The name of this blog could be misconstrued.  I am not an anarchist.  Government is too big.  But this does not mean that we should do away with government entirely.  So let us begin with what is surely our common ground:  the Non-Aggression Principle.  The Non-Aggression Principle says that we cannot and should not initiate physical force against persons or property, threaten such force or commit fraud.  Enforcement of this principle is one area where the government most certainly has a role.
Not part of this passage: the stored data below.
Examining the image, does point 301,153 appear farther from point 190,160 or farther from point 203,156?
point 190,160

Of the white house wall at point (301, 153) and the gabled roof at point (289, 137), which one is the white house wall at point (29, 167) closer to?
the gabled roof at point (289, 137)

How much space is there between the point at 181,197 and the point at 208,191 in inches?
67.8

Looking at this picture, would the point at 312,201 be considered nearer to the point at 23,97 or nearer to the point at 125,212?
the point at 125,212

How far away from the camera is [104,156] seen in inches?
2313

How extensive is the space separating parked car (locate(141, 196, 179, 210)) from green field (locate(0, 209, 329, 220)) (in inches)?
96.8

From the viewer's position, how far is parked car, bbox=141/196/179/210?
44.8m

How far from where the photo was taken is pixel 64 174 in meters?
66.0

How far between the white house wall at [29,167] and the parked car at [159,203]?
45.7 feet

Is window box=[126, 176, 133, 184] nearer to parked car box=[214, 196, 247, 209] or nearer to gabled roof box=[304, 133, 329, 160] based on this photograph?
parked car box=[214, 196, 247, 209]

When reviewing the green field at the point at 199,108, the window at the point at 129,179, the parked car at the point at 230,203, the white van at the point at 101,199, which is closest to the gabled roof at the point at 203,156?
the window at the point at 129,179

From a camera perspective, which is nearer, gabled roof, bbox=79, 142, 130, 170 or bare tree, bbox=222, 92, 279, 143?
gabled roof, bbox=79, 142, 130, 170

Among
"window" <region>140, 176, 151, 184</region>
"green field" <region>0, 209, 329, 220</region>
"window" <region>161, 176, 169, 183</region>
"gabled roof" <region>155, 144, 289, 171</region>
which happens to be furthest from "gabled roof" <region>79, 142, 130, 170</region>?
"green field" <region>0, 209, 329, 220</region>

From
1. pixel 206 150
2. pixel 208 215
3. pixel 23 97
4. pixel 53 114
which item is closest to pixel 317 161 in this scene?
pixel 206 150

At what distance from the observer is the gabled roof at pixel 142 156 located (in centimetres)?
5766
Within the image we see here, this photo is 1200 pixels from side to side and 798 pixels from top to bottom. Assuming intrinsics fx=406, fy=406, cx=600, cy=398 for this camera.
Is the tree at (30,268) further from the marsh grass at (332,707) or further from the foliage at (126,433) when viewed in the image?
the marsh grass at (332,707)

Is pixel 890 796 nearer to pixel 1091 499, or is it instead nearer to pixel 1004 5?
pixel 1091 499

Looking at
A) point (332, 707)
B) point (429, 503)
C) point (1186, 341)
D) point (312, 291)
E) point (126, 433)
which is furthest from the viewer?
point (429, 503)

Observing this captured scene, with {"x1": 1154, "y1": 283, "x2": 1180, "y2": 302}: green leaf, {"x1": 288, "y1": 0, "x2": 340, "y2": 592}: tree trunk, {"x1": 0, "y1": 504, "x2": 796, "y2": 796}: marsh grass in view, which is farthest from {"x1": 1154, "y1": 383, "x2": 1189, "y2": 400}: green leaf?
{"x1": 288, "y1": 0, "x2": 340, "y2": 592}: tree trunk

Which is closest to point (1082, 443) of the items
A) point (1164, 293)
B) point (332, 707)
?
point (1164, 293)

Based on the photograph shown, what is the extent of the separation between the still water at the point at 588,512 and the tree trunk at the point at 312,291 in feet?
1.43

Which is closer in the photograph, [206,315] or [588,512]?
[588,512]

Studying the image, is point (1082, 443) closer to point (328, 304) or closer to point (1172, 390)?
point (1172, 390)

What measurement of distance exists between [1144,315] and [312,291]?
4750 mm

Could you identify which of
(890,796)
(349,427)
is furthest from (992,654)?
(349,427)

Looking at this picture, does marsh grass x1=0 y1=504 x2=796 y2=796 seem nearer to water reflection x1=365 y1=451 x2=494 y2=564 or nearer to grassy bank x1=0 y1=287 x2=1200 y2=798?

I hope most of us can agree here.  Murder is wrong.  Rape is wrong.  Assault is wrong.  Theft is wrong.  But even more fundamentally, if you believe that you are the owner of your own body, then this necessarily entails the right not to have the ownership of your body disturbed.  You enjoy this right so long as you do not disturb another person’s self-ownership first.  Our respective self-ownership is self-evident and simple.  You own yourself, I own myself, neither of us has a right to initiate aggression against the other.  You don’t assault me.  I don’t assault you.  It is a cornerstone to any civilized society.  Without it, we are left with “might makes right” or “jungle rule,” be it packaged with the pretty bow of government, or wrapped only in the skull and crossbones banner of the pirate.

So, building from the ground up, our government starts with the Non-Aggression Principle.  This frees us from anarchy and chaos.  From here we turn to analyze each and every proposed addition to government to see whether they are truly necessary.  By rebuilding something from scratch, we may discover an entirely new way of thinking about government and its role in our lives.